▶ **PROBLEM STATEMENT**: Return only the lines running from the top of the entries to the line with "Banner - LNB", inclusive, exactly as written.

Brief descriptive captions:
---------------
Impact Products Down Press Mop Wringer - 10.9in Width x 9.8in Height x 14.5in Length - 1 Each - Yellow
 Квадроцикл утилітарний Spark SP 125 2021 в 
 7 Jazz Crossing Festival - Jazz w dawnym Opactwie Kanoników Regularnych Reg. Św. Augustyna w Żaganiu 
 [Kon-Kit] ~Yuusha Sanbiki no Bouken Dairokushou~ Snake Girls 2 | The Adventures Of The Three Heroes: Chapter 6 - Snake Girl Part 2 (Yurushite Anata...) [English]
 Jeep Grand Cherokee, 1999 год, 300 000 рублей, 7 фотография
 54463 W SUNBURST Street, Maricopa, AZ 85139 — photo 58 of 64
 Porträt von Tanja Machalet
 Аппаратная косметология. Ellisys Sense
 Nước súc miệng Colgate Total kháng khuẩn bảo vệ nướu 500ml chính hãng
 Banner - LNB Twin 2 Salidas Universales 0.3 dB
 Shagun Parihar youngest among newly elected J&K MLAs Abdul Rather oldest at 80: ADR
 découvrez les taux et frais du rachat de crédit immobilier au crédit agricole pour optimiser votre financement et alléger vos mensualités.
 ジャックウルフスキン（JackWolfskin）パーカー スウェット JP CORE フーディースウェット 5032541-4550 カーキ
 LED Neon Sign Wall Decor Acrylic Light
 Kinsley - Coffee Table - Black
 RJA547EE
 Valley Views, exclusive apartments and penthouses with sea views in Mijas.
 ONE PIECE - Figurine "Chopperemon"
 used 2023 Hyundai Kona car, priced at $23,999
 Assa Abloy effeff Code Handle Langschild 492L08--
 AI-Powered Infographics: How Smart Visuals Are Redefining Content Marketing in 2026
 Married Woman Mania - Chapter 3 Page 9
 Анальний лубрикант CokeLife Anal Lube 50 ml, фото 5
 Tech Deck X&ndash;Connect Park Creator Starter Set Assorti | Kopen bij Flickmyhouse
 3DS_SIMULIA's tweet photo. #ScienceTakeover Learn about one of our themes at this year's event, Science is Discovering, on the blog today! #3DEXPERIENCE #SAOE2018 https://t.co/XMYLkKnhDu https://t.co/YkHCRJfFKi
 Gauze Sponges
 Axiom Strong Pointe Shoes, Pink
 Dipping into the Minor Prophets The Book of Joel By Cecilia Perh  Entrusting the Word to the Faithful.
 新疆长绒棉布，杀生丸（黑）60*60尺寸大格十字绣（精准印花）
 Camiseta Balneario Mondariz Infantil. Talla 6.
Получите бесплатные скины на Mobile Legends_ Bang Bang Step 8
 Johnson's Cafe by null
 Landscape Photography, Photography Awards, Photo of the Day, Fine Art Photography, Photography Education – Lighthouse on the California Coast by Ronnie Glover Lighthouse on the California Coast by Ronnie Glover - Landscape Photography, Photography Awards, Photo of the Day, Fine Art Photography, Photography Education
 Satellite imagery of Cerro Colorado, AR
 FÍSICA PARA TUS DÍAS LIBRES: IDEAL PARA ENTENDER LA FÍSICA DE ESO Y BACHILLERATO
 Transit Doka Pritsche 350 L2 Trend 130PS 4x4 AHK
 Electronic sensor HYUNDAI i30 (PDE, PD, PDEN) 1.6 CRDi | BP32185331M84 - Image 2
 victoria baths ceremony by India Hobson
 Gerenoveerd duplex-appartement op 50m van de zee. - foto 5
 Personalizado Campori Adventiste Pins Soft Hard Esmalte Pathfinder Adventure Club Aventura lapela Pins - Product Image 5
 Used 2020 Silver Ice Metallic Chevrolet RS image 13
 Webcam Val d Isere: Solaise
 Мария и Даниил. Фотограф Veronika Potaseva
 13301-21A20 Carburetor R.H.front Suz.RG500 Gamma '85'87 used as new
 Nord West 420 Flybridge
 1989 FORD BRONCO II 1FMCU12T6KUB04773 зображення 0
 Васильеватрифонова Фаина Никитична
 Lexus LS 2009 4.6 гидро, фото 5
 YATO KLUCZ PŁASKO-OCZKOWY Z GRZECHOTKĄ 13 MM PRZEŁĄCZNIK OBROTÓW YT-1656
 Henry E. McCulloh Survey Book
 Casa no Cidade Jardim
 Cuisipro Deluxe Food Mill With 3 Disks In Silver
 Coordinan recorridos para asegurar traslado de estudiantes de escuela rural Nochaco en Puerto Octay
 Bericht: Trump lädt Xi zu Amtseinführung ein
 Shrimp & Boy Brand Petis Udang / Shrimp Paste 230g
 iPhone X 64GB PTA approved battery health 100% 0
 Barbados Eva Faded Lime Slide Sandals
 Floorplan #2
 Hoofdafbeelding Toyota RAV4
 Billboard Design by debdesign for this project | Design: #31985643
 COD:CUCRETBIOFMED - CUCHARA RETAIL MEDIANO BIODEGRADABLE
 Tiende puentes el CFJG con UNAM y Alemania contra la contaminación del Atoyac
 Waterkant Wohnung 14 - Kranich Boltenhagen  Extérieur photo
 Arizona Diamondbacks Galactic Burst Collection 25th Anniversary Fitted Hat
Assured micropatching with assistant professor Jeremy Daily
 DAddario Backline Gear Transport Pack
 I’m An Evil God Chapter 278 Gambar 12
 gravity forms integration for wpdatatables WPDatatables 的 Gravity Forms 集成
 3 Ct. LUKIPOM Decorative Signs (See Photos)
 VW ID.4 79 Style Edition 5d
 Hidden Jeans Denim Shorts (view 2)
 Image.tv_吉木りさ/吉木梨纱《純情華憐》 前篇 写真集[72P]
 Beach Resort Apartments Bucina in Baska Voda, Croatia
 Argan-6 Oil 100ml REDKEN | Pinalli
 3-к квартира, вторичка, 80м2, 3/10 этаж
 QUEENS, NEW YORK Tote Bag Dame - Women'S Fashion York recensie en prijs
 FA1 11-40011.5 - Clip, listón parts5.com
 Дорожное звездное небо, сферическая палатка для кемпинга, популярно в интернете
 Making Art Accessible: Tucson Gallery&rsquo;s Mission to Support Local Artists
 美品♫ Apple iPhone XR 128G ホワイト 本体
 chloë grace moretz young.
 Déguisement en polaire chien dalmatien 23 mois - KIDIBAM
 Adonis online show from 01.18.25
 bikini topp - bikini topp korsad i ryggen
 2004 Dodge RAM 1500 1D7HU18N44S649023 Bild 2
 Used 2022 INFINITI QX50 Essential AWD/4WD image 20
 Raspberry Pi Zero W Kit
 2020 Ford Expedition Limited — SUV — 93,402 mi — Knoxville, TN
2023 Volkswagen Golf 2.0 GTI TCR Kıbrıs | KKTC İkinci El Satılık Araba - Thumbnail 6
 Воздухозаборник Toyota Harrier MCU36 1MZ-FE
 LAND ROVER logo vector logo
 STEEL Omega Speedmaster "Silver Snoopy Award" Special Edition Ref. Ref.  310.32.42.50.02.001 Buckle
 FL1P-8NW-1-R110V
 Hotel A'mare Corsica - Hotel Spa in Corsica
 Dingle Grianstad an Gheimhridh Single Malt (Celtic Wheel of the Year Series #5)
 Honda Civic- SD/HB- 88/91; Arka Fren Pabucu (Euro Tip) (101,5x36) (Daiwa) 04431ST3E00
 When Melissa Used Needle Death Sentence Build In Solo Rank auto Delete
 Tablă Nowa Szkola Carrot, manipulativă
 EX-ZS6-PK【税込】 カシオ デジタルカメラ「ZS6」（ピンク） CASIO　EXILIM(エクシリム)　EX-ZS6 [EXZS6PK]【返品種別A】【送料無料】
---------------
▶ **RESULT FOR THIS TASK**:
Impact Products Down Press Mop Wringer - 10.9in Width x 9.8in Height x 14.5in Length - 1 Each - Yellow
 Квадроцикл утилітарний Spark SP 125 2021 в 
 7 Jazz Crossing Festival - Jazz w dawnym Opactwie Kanoników Regularnych Reg. Św. Augustyna w Żaganiu 
 [Kon-Kit] ~Yuusha Sanbiki no Bouken Dairokushou~ Snake Girls 2 | The Adventures Of The Three Heroes: Chapter 6 - Snake Girl Part 2 (Yurushite Anata...) [English]
 Jeep Grand Cherokee, 1999 год, 300 000 рублей, 7 фотография
 54463 W SUNBURST Street, Maricopa, AZ 85139 — photo 58 of 64
 Porträt von Tanja Machalet
 Аппаратная косметология. Ellisys Sense
 Nước súc miệng Colgate Total kháng khuẩn bảo vệ nướu 500ml chính hãng
 Banner - LNB Twin 2 Salidas Universales 0.3 dB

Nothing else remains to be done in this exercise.